Bu Ningsih segera membuat surat permohonan mutasi dan melengkapinya dengan dokumen pendukung, termasuk surat keterangan dari dokter. Ia berharap prosesnya akan berjalan lancar. Pada hari yang telah ditentukan, ia pergi ke dinas pendidikan kabupaten dengan membawa berkas tersebut.

Namun, kenyataan tidak selalu berjalan sesuai harapan. Saat tiba di dinas, ia mendapat kabar bahwa pengajuan mutasinya harus menunggu tanda tangan bupati. Sayangnya, bupati sedang cuti untuk keperluan pemilihan kepala daerah (pilkada). Proses administratif pun tertunda hingga waktu yang tidak ditentukan. Bu Ningsih merasa kecewa, namun ia tahu bahwa tak ada gunanya marah atau menyerah. Ia pulang dengan perasaan campur aduk, mencoba mencari cara untuk bertahan hingga proses mutasi selesai.

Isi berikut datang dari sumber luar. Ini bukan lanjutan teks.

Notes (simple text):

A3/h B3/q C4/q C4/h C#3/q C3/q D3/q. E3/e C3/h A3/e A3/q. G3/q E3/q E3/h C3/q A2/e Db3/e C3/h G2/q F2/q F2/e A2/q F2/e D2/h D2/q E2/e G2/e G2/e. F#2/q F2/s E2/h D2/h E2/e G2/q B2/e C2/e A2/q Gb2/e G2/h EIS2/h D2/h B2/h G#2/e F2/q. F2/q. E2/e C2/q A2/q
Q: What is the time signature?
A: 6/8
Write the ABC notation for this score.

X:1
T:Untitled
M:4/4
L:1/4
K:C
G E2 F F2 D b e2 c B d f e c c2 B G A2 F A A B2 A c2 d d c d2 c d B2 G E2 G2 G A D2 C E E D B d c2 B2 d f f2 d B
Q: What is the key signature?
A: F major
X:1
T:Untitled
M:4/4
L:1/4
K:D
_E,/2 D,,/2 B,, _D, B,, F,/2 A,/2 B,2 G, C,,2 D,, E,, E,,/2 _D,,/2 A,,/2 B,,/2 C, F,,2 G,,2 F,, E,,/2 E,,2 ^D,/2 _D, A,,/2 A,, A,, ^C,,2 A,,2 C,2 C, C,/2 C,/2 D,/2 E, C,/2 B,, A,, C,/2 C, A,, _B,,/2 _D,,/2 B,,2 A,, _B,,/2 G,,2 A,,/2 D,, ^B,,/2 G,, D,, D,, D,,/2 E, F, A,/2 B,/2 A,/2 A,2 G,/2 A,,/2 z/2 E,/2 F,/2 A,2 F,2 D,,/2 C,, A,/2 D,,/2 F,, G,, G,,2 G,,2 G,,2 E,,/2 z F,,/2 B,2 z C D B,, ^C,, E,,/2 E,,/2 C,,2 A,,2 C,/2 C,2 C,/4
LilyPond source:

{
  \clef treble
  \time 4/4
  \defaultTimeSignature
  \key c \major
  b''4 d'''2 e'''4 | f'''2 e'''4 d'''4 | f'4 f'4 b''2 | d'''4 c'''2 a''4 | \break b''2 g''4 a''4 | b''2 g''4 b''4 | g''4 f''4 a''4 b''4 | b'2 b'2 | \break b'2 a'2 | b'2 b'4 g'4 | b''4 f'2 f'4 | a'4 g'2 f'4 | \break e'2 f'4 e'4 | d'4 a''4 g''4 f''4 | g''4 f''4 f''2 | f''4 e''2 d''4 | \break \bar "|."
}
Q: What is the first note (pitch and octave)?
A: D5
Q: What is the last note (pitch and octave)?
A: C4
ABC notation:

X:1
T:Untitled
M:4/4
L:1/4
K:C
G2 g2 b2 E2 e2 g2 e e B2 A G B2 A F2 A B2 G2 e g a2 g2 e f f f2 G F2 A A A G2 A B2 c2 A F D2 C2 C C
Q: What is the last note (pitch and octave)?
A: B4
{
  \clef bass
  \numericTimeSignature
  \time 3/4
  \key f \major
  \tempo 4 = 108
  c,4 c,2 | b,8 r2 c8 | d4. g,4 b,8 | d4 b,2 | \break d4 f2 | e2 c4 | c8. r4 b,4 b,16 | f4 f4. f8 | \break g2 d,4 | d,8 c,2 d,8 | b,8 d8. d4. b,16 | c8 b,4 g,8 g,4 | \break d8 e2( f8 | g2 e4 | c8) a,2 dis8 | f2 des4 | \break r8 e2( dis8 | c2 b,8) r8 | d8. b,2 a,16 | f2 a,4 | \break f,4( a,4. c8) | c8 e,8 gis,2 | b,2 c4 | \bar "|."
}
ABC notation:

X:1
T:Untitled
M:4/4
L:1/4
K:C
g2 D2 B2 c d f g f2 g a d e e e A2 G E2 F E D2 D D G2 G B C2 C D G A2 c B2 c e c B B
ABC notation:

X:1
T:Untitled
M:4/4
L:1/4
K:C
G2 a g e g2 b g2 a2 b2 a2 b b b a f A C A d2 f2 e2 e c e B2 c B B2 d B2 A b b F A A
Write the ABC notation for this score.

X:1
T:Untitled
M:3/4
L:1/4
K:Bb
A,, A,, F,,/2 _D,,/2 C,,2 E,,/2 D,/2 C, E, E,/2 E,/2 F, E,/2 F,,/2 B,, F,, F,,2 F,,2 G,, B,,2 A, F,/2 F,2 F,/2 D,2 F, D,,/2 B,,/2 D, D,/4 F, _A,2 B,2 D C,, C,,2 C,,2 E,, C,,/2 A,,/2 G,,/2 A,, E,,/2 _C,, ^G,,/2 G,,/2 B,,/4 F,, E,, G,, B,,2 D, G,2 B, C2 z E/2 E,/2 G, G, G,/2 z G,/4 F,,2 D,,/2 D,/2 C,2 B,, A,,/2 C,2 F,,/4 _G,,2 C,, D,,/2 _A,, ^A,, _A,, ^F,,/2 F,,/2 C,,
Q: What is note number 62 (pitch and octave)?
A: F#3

Hari-hari berikutnya terasa berat bagi Bu Ningsih. Ia tetap menjalankan tugasnya sebagai guru, meski rasa sakit di punggung sering kali membuatnya hampir menyerah. Setiap pagi, ia berusaha menguatkan diri untuk menempuh perjalanan yang melelahkan. Di sekolah, ia tetap memberikan yang terbaik untuk murid-muridnya, meski tubuhnya menjerit kesakitan.

Di sela-sela waktu luangnya, Bu Ningsih terus memantau perkembangan proses mutasi. Ia sesekali menghubungi petugas dinas untuk menanyakan kabar. Jawaban yang ia terima selalu sama. Sabar adalah satu-satunya pilihan yang ia miliki. Dalam kesunyian malam, ia sering merenung dan berdoa, berharap Allah Subhanahu Wata’alla memberikan kekuatan dan kemudahan baginya.